I think sometimes about whether I’m really saved, whether I’ve really truly understood “the joy of salvation”. In a world of tangible matters like a husband who asks if I can help with the dishes and children at work who need me to help them put their shoes on and the endless papers I print out and delicately place flat into my backpack so they’re not wrinkled for school, it’s hard to feel the joy of something spiritual. I can understand a warm embrace, doing my job well, accomplishing a task. Sometimes I cannot wrap my head around the whisper from heaven that says I’m saved and I’m loved by the Father. Sometimes I feel joy after a great sermon or worship song, sometimes I go days feeling nothing at all.

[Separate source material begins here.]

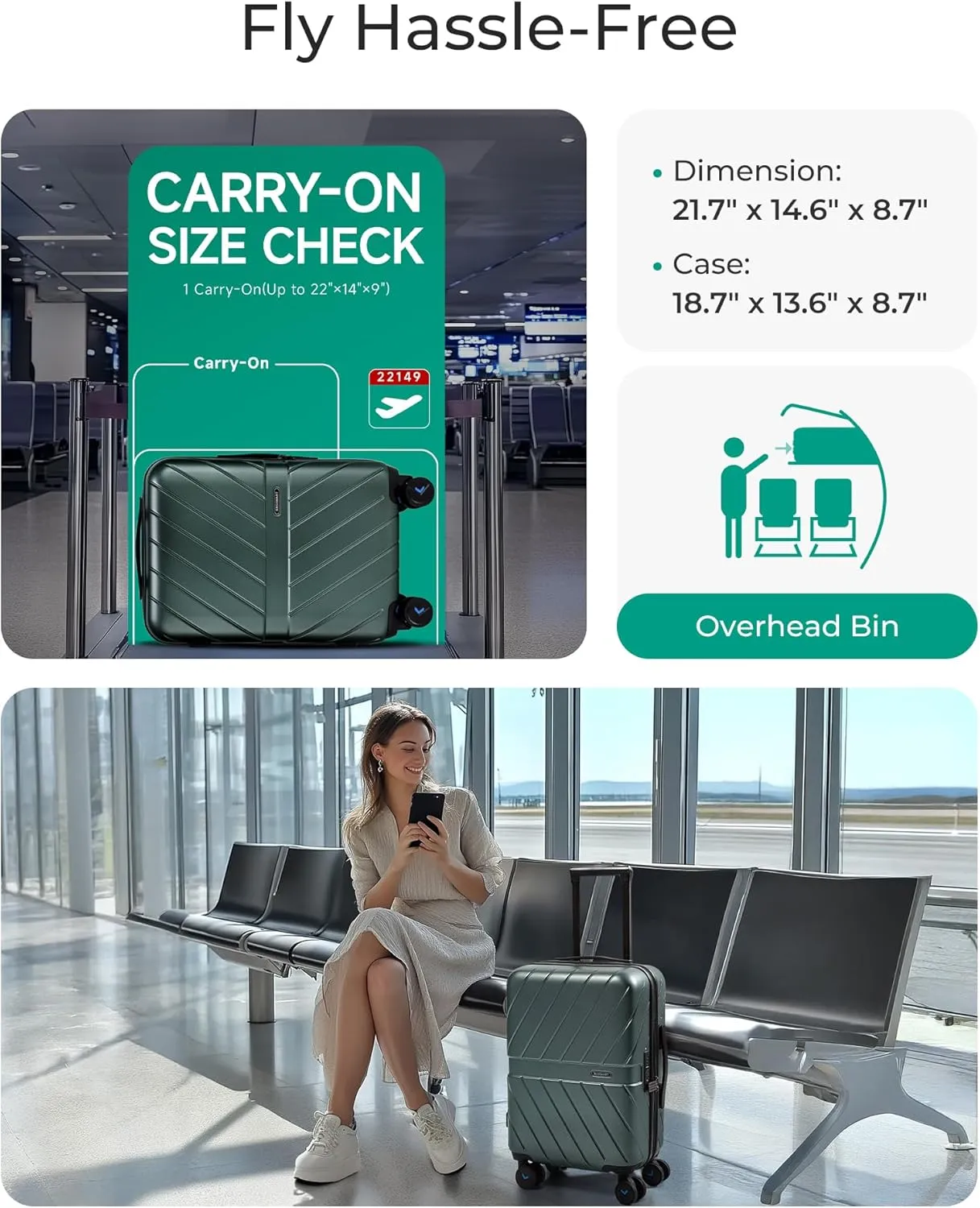 BAGSMART Carry On Luggage 22x14x9 Airline Approved With TSA Lock, 1OO% Polycarbonate Hardside Luggage with Spinner Wheels,Durable Hard Shell Carry On Suitcase 20 inch Olive-green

But I take comfort, today in the coffee shop as the rain runs in rivulets down the glass. In the drops of water I see the messy connectedness of believers, some droplets running together for a time before diverging into separate rivers or sitting quietly on their own before fading back into mist. Sometimes we feel connected to the church body and to Christ, sometimes we lack the joy of salvation and we wander alone for a time. David felt it, even as the beloved of God, striking down armies in His name. He had everything: a throne, beautiful women, power, respect. But he still cried out to God to be restored to the cleanliness and purity of those washed by grace, and he still struggled with the temptation to abandon God for the false joys of this fragile life.
Who knew that thousands of years later Jon Foreman would sing David’s lyrics, with the same lament and crying out to be restored? I see with clarity the endless crowds of Christians through Biblical times to now, all hurting and wondering why things don’t feel right and why God feels so far away. The truth is that we all lack the joy of salvation. We all desperately need to be washed white as snow, daily. Hourly.
At this point in life, I do not feel the joy of salvation. I’ve been so consumed by my own life and the seemingly meaningless tasks I have to complete day by day, that I cannot see the larger picture of salvation and glory. I stand with David, or rather, I fall to my knees in front of the Father with David, crying out for the clean heart and the joy of salvation I desperately need. That we all desperately need.
So I will sing, every day. I will plead with God that He would wash me white as snow, so I may be made whole.
In the coffee shop, the rain still pours down. The clouds will not break, the work I have to do is still waiting. I still feel empty and useless. But I keep thinking of Psalm 51 and the lyrics of Jon’s song. I am not alone. I will continue to ask that the joy of salvation be restored, and I trust that I will feel it someday soon.